Canadian actress (born 1989)

Kylie Bunbury (born January 30, 1989) is a Canadian actress.

==Life==
Bunbury was born in Montreal, Canada, to Kristi Novak and Alex Bunbury, a soccer player. Her father is Guyanese-Canadian and her mother is an American of Polish and Swedish descent. She spent her childhood in England (for two years), Madeira, Portugal (for seven years) and Prior Lake, Minnesota, US. She considers Prior Lake home. She has three younger brothers: Teal, Mataeo, and Logan.

Bunbury became engaged to Jon-Ryan Alan Riggins on April 8, 2018. They married on January 1, 2020. They have two children: a son born in 2021 and a daughter born in 2024.

== Career ==
Bunbury originally worked as a model, and began acting at her agency's suggestion. She landed her first role as Kathleen in Days of Our Lives for one episode.
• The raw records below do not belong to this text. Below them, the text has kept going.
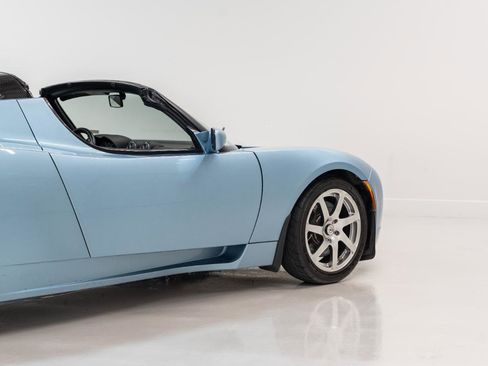 Used 2008 Tesla Roadster RWD image 16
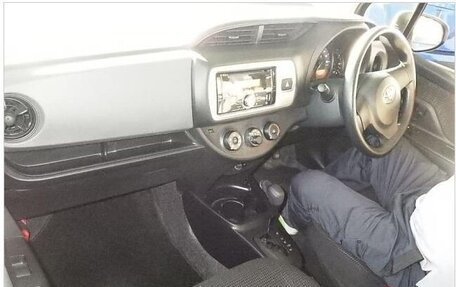 Toyota Vitz, 2016 год, 895 000 рублей, 11 фотография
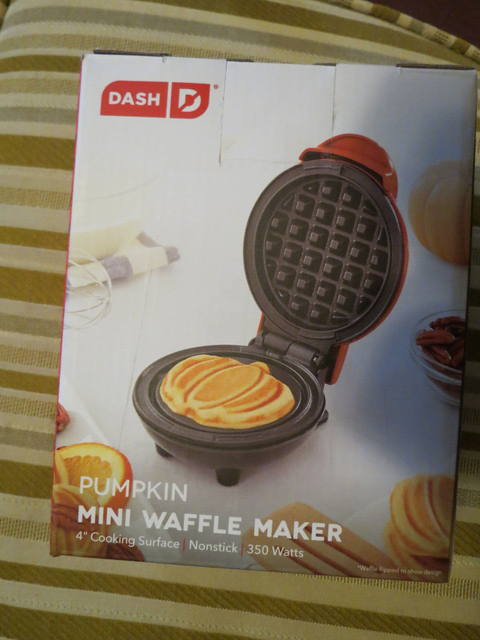 dash mickey mouse waffle maker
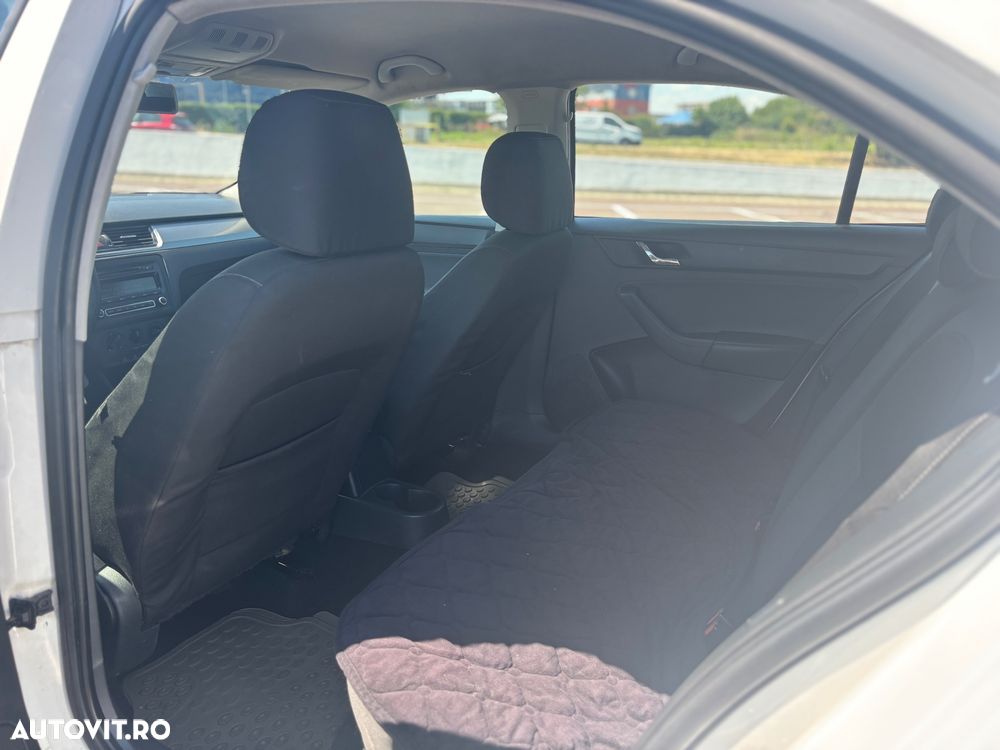 Skoda RAPID 1.6 TDI Active - 11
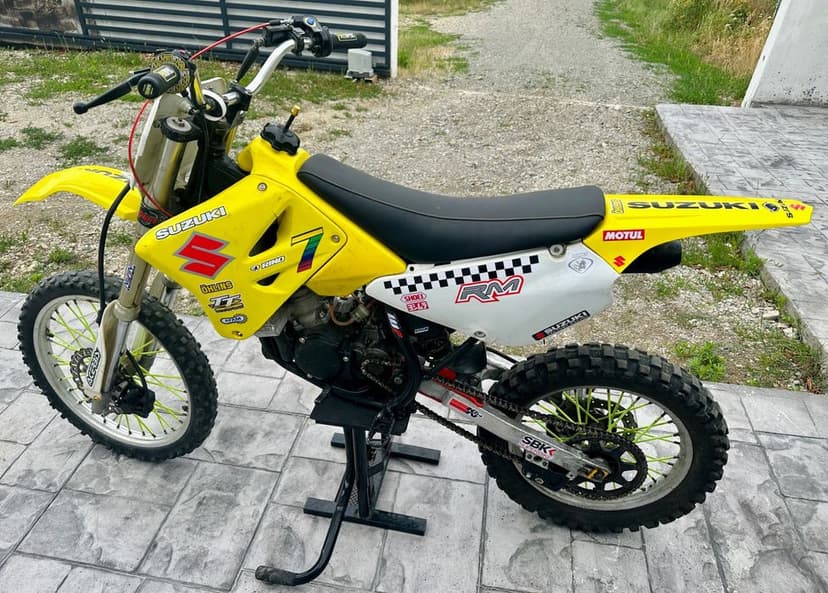 Cross Suzuki RM85L PowerValve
She also had roles in Prom and The Sitter. Bunbury portrayed Eva in the science fiction CBS television series Under the Dome. Bunbury starred in the Fox drama series Pitch, where she portrayed the (fictional) first female player in Major League Baseball. Pitch was canceled by Fox after one season on May 1, 2017.

Bunbury starred as Angie Richardson in the Netflix miniseries When They See Us, which premiered on May 31, 2019.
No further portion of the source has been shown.